Within the week I was baptized. I stepped into the river knowing I was finished with my old self. When I was plunged under the water, like as Christ in the grave, I believed my old self to be dead and buried, washed away down the river. I rose up out of the water a new creature in Christ. My sins were gone, and the power that sin had on me was broken. No longer was I under the devil’s power, burdened with guilt and condemnation. I was clean at last, set free though the blood of Christ to live a victorious life!
Out of a grateful heart, I bound myself with vows and commitments to serve God and my brethren in the Church all the days of my life. These vows I have kept, often to my own hurt, determined I would remain true and faithful to the Lord Jesus Christ who gave His life for me.
From that time until the present, I have had to overcome many trials, and my faith has been proved many times. I have had to make many strong stands against those who through sentimental or emotional ties, would desire to draw me away from the life I hold so dear here in the church, I have had to stand also, against those who over the years have turned from the truth.
How I would love to testify of the happiness of Christian marriage, of the joys of seeing our children grow up to follow Christ, of the fulfilment found in sacrificing self to care for others, of witnessing the power of God, leading and guiding His people.
My years here in the church have been richly blessed.
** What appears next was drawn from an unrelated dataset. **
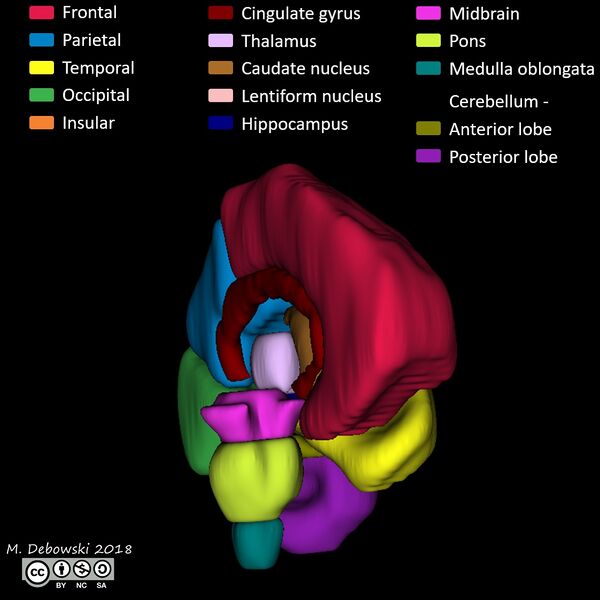 File:Brain lobes - annotated MRI (Radiopaedia 61691-69700 3D reconstruction 13).JPG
They have not been wasted years because they have been spent building the kingdom of God, and laying up treasure in heaven.
When a man has truly found the joy of the Lord, and has the knowledge that his life is pleasing to his heavenly father, and has the hope of the reward of eternal life burning in him, if he endures until the end. Then no person, power, or circumstance in this world or in hell will be able to move him.
I believe that my testimony can be summed up in these three verses:
Matthew 16: 24-26 Then said Jesus unto His disciples: if any man will come after me, let him deny himself, and take up his cross, and follow me. For whosoever will save his life shall lose it: and whosoever will lose his life for my sake shall find it. For what is a man profited if he shall gain the whole world and lose his own soul, or what shall a man give in exchange for his soul?